Jesus cried out ‘My God, my God, why have you forsaken me?’ as he was dying. Words also written in the Psalms (Psalm 22:1. 16-18). Not only did he feel the physical and emotional pain of all sin, but even worse, the total absence of God, his father. Jesus’ words expressed the feelings we all feel at times – of doubt and a collapse of faith. Yet, at his hour of most need, his father had to step back.
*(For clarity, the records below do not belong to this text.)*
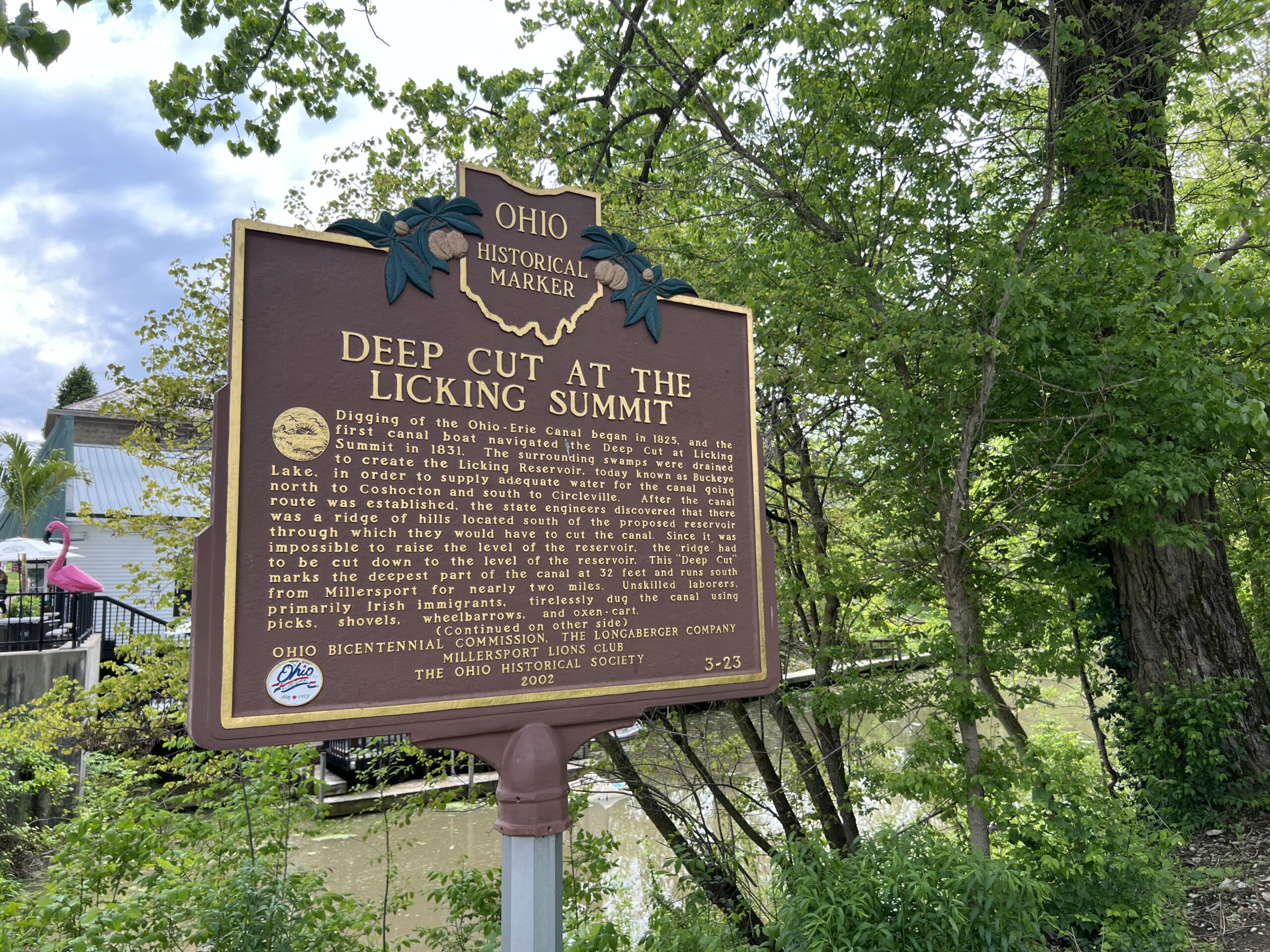 historic marker in millersport ohio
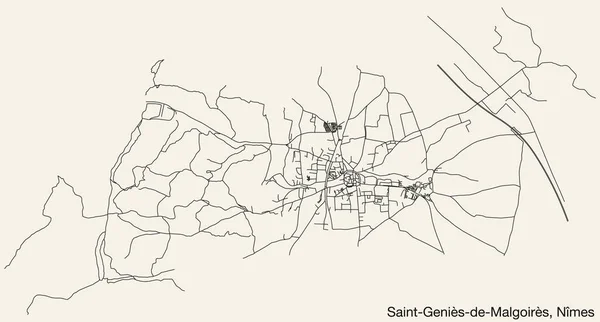 Detaillierte Handgezeichnete Straßenkarte Der Saint Genis Malgoirs Commune Der Französischen — Stockvektor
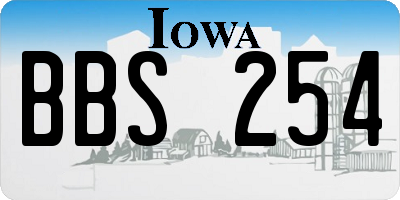 IA license plate BBS254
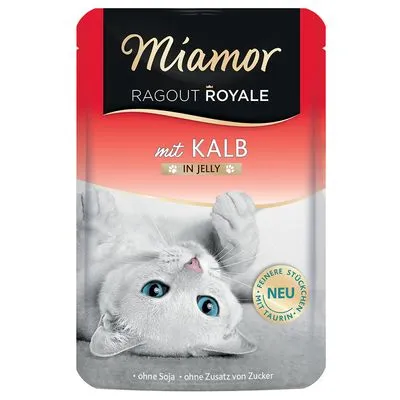 Miamor Ragout Royale mit Kalb in Jelly, sans soja, sans ajout de sucre, mention NEU, petits morceaux, taurine visible sur l’emballage.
I just read this moving article by Joey Feek’s husband about how in the months leading up to her death she painfully but determinedly distanced herself from her young daughter in order for her daughter to create a stronger bond with her husband, which would benefit both her daughter and her husband in their grief after her death. You can only imagine the strength it took for her to do that when every fibre of her being would want to hold her child every minute until she couldn’t anymore. God felt this too, as he left his son to die, yet He knew it had to be this way. We, even 2000 years on, still find it hard – with our human minds – to fully comprehend this seeming deliberate withdrawal of love.

Growing into spiritual maturity
What challenged me was what the author, Peter Greig, describes as moving on from the ‘infatuation’ with God to a mature relationship with Him.